Puchita, por supuesto, no sabe contar tanto. Dijo, inventó, todos los números que le vinieron a la mente. Mientras, La Amenaza le pellizcaba las sucias téticas, riendo.
–¿Pero quién te dijo a ti que estos son tetas? ¡Tetas ni de perra! ¡Tú lo que eres es un macho disfrazado!
–No la jodas más, asere –intervine de nuevo– Si fuese tu hermana….

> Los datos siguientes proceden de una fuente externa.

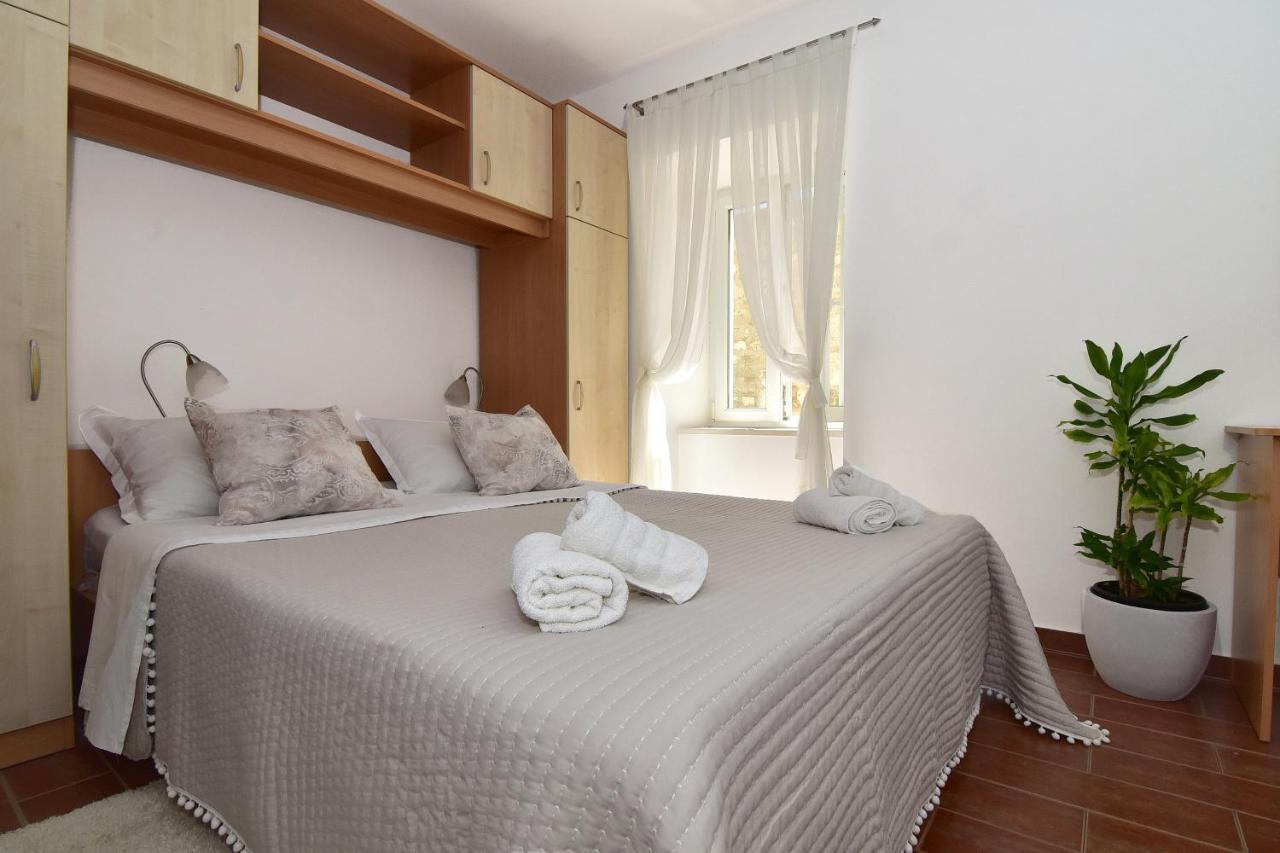 Old Town Studio Apartments มาคาร์สกา ภายนอก รูปภาพ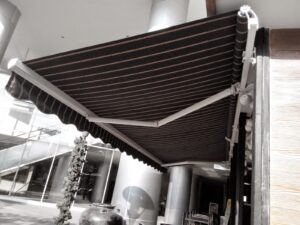 kanopy awning gulung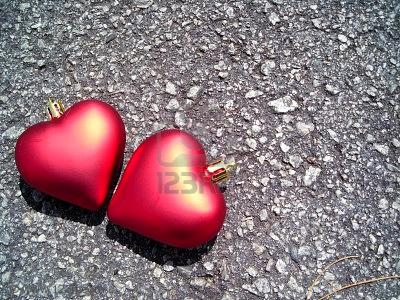 718673-de-cerca-de-dos-corazones-amantes-de-la-decoraci-n-de-navidad-que-simboliza-el-amor-y-el-romance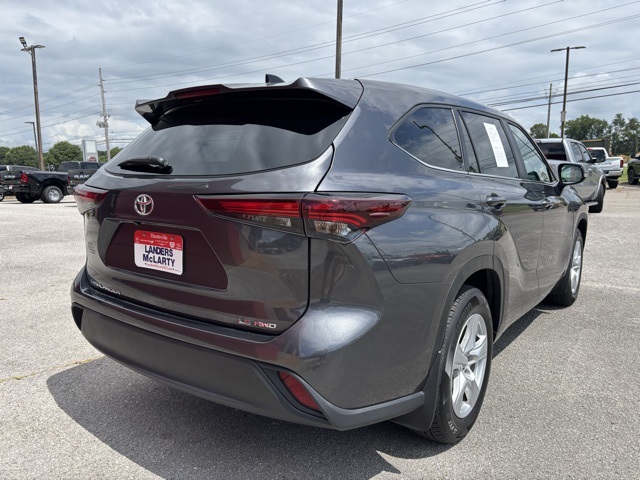 2024 Toyota Highlander LE photo 4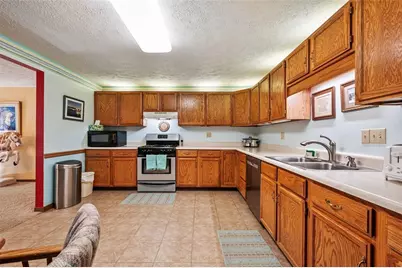 2850 Edgecliff Rd Unit #7, Lower Burrell, PA 15068 - Photo 14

–¡Mi hermana mierda! ¡Y si no quiere que la jodan que desaparezca! ¿O tú la vas a defender?
–Es casi una niña…
Puchita, en su locura, creyó que yo la estaba ofendiendo. Me partió para arriba y comenzó a tirarme manotazos mientras decía esto sí son tetas, yo no soy una niña si mi mamá me lo dijo un día que yo ya era mujercita que saliera a luchar el baro.
La tranquilicé diciéndole que sí, que eran tetas, y que la iba a llevar a casa de un viejo que paga muchísimo por verlas. Ella se montó ilusionada, si es que era ilusión lo que vi de salvaje en sus ojos.
A La Amenaza no le gustó, pero no intentó nada.
Yo quité el freno, apreté el timón, recogí una rodilla y me fui tumbando. Había un bache y lo evité. Luego escupí la rabia en un charco y cuando doblé dos esquinas más allá, busqué sus ojos en el espejo, pero ella los tenía perdidos en otra parte. No parecía tan loca. Entonces empecé a cantar aquella canción de Santiaguito: Tintos en sangre, mares y el tiempo del humano que pide vivir aquí. Toda su vida corre el peligro de vivir lo que quiere creer. Savia del alma aventura en la sangre que no ha de morir, y si no ¿cómo hay que seguir? Pronto será cuando estemos sintiendo otra vez por amor.
Puchita levantó la cabeza, emocionada:
–Oye, flaco, ¿e… esa canción es para mí?
Por toda respuesta, le imprimí más fuerza al pedaleo. La loquita sonrió un poco tímida y le dije:
–Es como si viajaras en un avión ¿No?
Ella rió al aire, al cielo azul de la tarde, a su vida de mierda, con unas carcajadas locas y sueltas que me contagiaron:
–Vamos en un avión sin ventanas. Tú verás ahora.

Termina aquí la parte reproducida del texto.